Although rookies were mostly relegated to reserve roles during the OTAs, including projected starters like tight end Eric Ebron and outside linebacker Kyle Van Noy, they could be a bit more involved this week after more time adjusting to the playbook. And when training camp begins at the end of July, the rookies should be prepared to handle even more.

Most of the position battles — like starting right tackle, kicker and No. 3 running back — won’t heat up until training camp, and while some players will sit out, cornerback Chris Houston’s injury is the only one of concern because coach Jim Caldwell said he’s not sure if he’ll be healthy by the start of training camp.

Here are five story lines to follow at this week’s minicamp:

1. How players catch the ball: The sloppiness of the offense was the biggest takeaway with pass catchers Calvin Johnson, Golden Tate and rookie Ebron all struggling with drops. In May, drops aren’t something to worry about, especially with players thinking more about executing the play than anything else. But if those problems continue to persist, the coaches might not sleep as well during the upcoming vacation.

2. Suh and Nick Fairley working together: With Fairley missing the first two weeks of OTAs after a sleep apnea procedure, there hasn’t been much time to see how he and Suh can perform together in the new defense. The duo has been dominant at times during the past three seasons, but with Austin implementing more blitzes, they could be even tougher to block in the interior. It’d be a good sign for the Lions defense if Suh and the leaner Fairley create some simulated sacks during team drills.

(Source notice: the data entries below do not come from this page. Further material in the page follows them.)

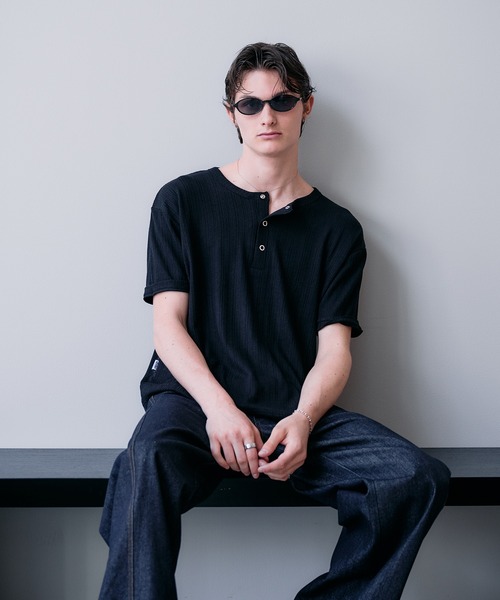 Adoon plain（アドーンプレーン）の「SNAP BUTTON RIB HENRY NECK T / スナップボタンリブヘンリーネックT 【新色追加】（Tシャツ/カットソー・メンズ・チャコールグレー/ブラック/ライトベージュ/ライトブルー/ネイビー/ボルドー/ライトグレー/ブラック系その他/杢グレー・MEDIUM/LARGE）」の11枚目の写真
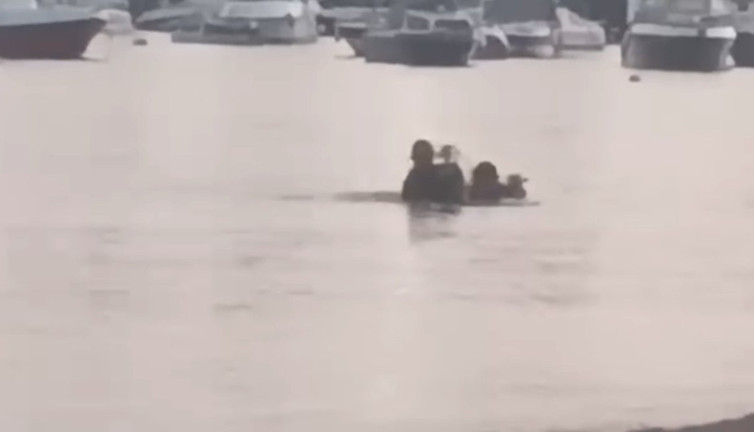 Bostancı Sahili'nde denize giren genç boğuldu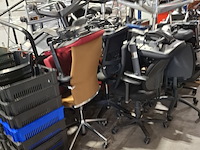 Partij diverse stoelen en 2x tafel - afbeelding 5 van  15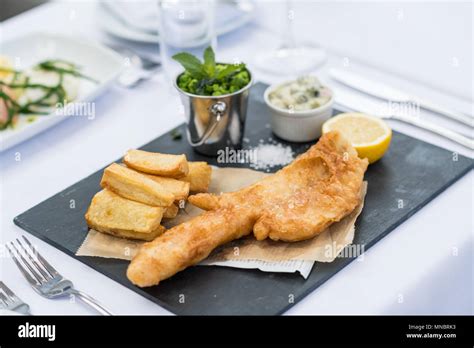 Tartare sauce hi-res stock photography and images - Alamy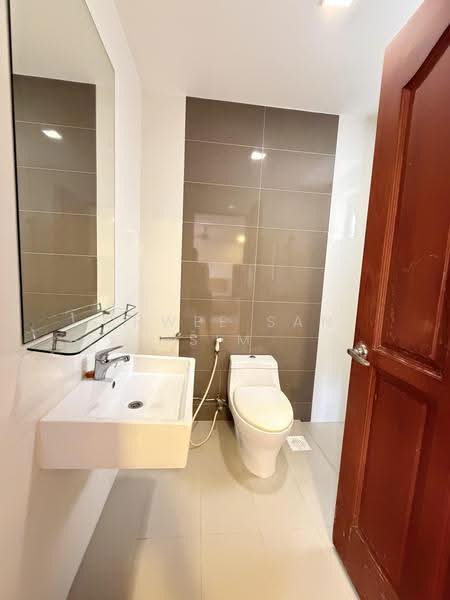 Frankel Estate, Siglap View, East Coast / Marine Parade, Room Rental, 300 sqft, Terraced House For Rent, by Chwee San Sim, 500255179 - Bathroom - PropertyGuru.com.sg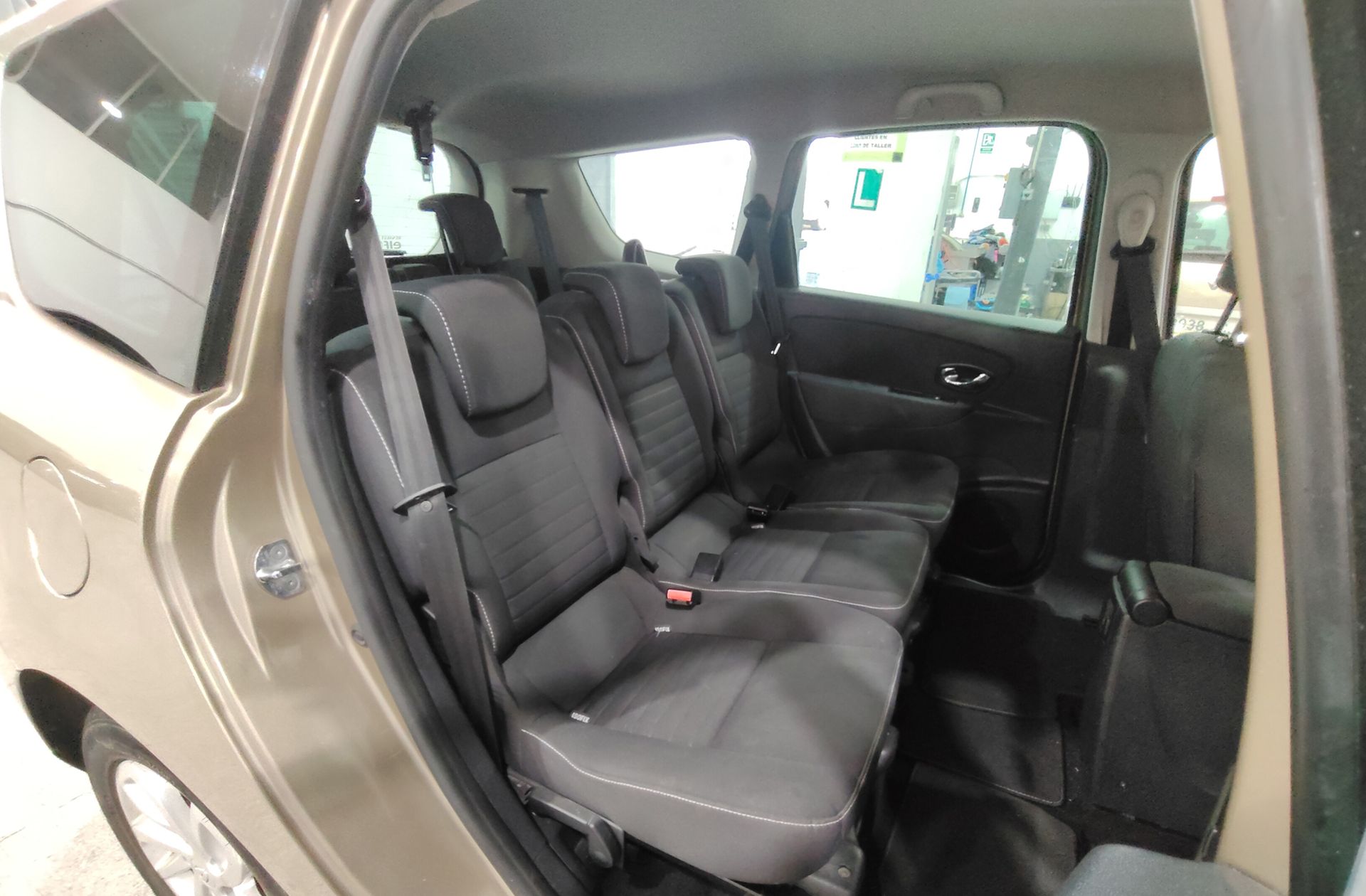 Renault Grand Scénic Limited Energy dCi 7 plazas - foto 16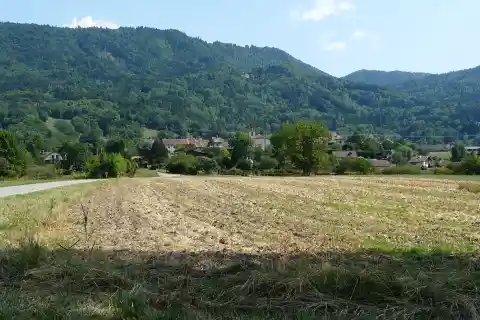 Cervens (Haute-Savoie) : vue d'ensemble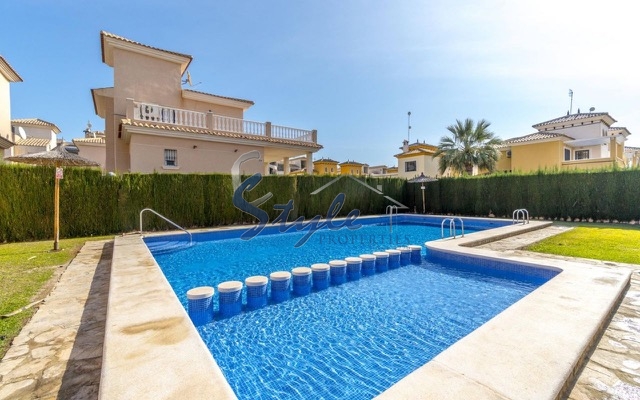 Buy Detached Chalet in Los Altos of Orihuela Costa close to the sea. ID 4589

3. Matthew Stafford’s footwork and accuracy: Stafford looked great in the OTA open to the media last week, but struggled mightily in the open practices the previous two weeks. With Caldwell, Lombardi and quarterbacks coach Jim Bob Cooter trying to make Stafford more consistent, he has more to think about than just throwing passes, including new footwork drills. A few good days would show that the drills are working for the franchise quarterback.

4. Cornerback rotation: With Houston likely out, veteran Rashean Mathis and second-year Darius Slay should run with the first team this week, but the rotation behind them will be interesting. Free agent Cassius Vaughn made some flashy plays in the OTAs and could compete for a starting job. Third-year Bill Bentley should continue to man the slot role, but how fourth-round pick Nevin Lawson plays behind him would help indicate how strong the depth is at the position.

5. Sendoff message: After a string of off-field arrests in 2012, Lions coach Jim Schwartz made a point of reminding players to stay out of trouble during breaks. Considering the family-like atmosphere Caldwell has tried to implement, it’s reasonable to assume he’ll give them a fatherly speech when minicamp ends. What he tells them and how it is received could be a fascinating story on Thursday.